One of the funniest aspects of the book for me was in the character of Damien, who is around eight or nine years old, I think. Even his name was given as a sort of sly joke by Sabrina, who accidentally got pregnant with him and then found that she couldn’t really relate to him, even when he was just a baby. Damien, you see, is a very precocious child, intensely intelligent and somewhat arrogant. Even at his young age, he is very aware of his mother’s ambivalence toward him, and to amuse himself, he deliberately leans hard into the “demon child” angle, playing devious pranks on purpose to freak out his mother. Only his older sister Michaela, who acts as his henchman until his shenanigans go too far, knows that Damien is just a normal—albeit scarily smart—child who wants love from his mother, but because he feels as though he isn’t getting it, decides to inspire disquiet instead. In that way, the character reminded me of a cross between Stewie from Family Guy and Harold from Harold & Maude.
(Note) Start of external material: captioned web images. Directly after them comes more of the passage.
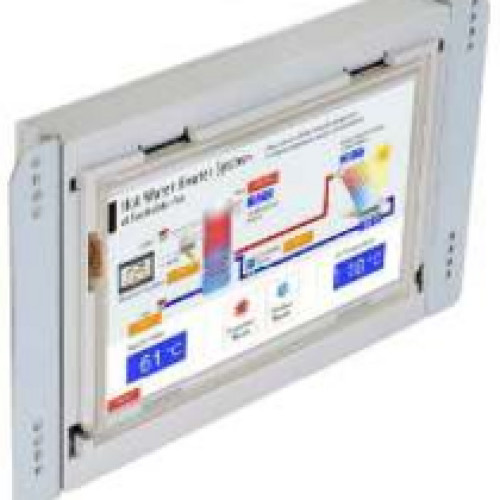 MT8070iER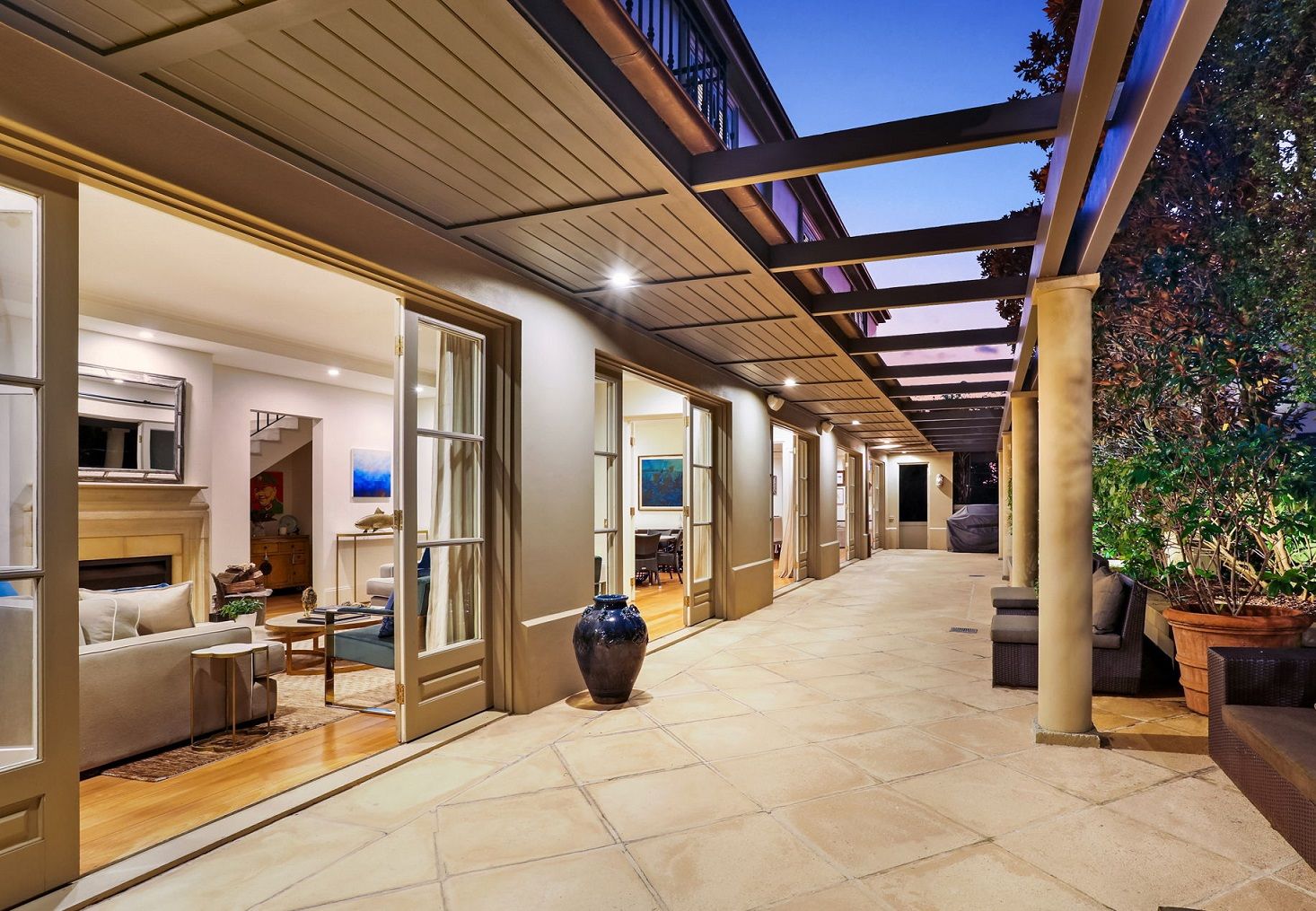 2C Bulkara Road, Bellevue Hill, NSW 2023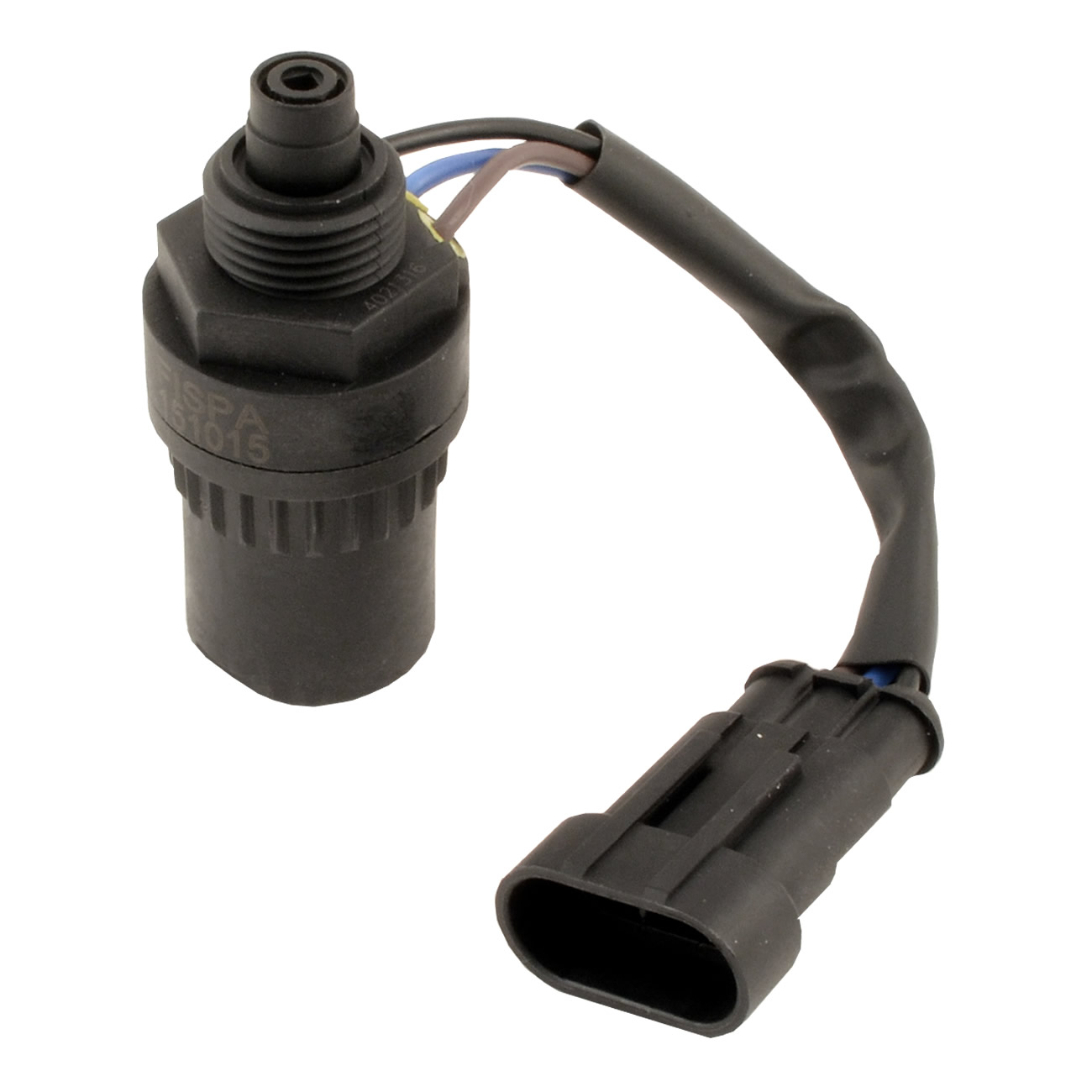 Sensor De Velocidad Vss Fiat Siena 1.3 16v Motor Fire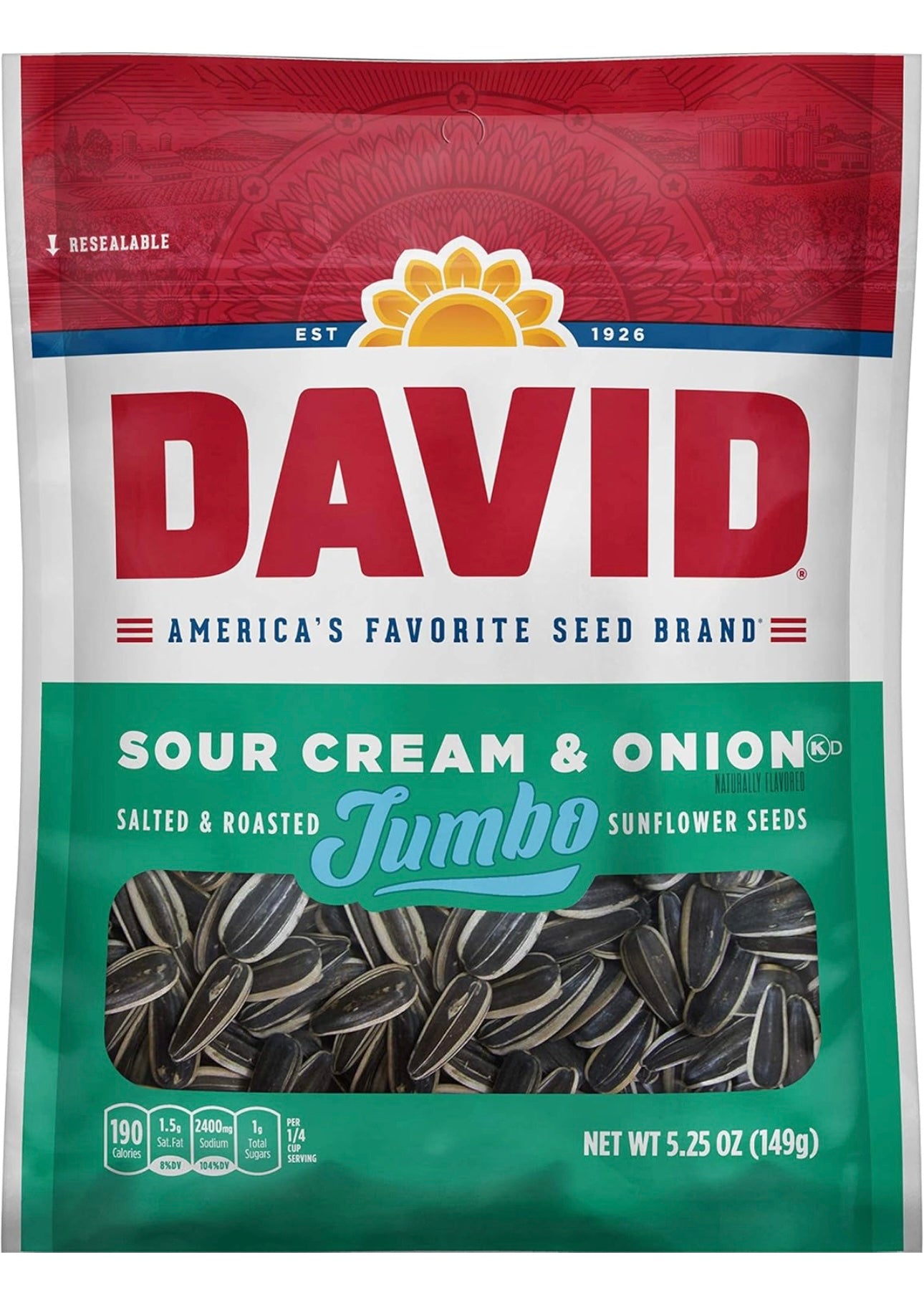 Variety SunFlower Seeds Or Bundle up…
Some of the chapters, by the way, are from Damien’s perspective, so the reader gets a funny but also sort of unsettling look into the kid’s head.

Once the odd family dynamic is established, we’re left with Sabrina as she tries to make this house a home. The kids go off to school, Hal goes off to work, and Sabrina—stuck at home until her car is shipped from their former town—starts setting their new residence to rights. Almost as soon as she’s in the house alone, though, something very strange happens. A week or so after the movers have left, Sabrina is unpacking boxes when a strange man walks through the house carrying one of the boxes that was too heavy for Sabrina to lift, and asks her where she wants it.
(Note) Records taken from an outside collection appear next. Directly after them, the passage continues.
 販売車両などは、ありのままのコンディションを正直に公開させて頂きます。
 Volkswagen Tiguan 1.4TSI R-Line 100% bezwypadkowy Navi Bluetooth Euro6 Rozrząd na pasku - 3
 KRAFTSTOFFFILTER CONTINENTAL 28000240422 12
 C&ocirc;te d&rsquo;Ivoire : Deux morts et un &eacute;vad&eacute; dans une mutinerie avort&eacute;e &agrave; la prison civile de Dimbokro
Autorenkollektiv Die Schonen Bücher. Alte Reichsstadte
Obviously, she’s all, “Who the fuck are you?” but also assumes maybe he’s just one of the movers who’s really, really late. She tells him to put the box into the basement and she follows him down there, but after the guy puts the box down, he essentially vanishes into this crawlspace that in no way is large enough for a man to get into. She goes into the crawlspace immediately afterward, but he’s gone.

Weird shit like this continues, and just like in many haunted house stories, Sabrina is the only one alone in the house every day, and thus the only person who notices anything unusual. She begins to think that perhaps she’s losing her mind. One thing that’s interesting about this particular “haunting,” though, and makes it different from most other haunted house stories, is that this force or entity is not necessarily malevolent. Most haunted house stories, of course, start out with phenomena that are sort of creepy but not all that harmful—doors opening and closing, shit like that—and then slowly ramp up into something terrifying and deadly. This haunting, however, seems particularly catered to Sabrina’s needs. Aside from the man carrying the box, other things happen, like Sabrina will think to herself that she’d love a hot bubble bath, and she’ll go upstairs and one will have been run for her. It’s all helpful things that appear to understand what Sabrina wants and needs at any given time.

Of course things don’t stay that way, and as the tale goes on, things go absolutely batshit insane in a way that I was totally surprised and delighted by. This is a short book, but it packs a fun, crazy punch, and I loved every minute of it. As I mentioned, don’t go into it expecting it to be an outright comedy; just keep your mind open and enjoy the bizarro ride.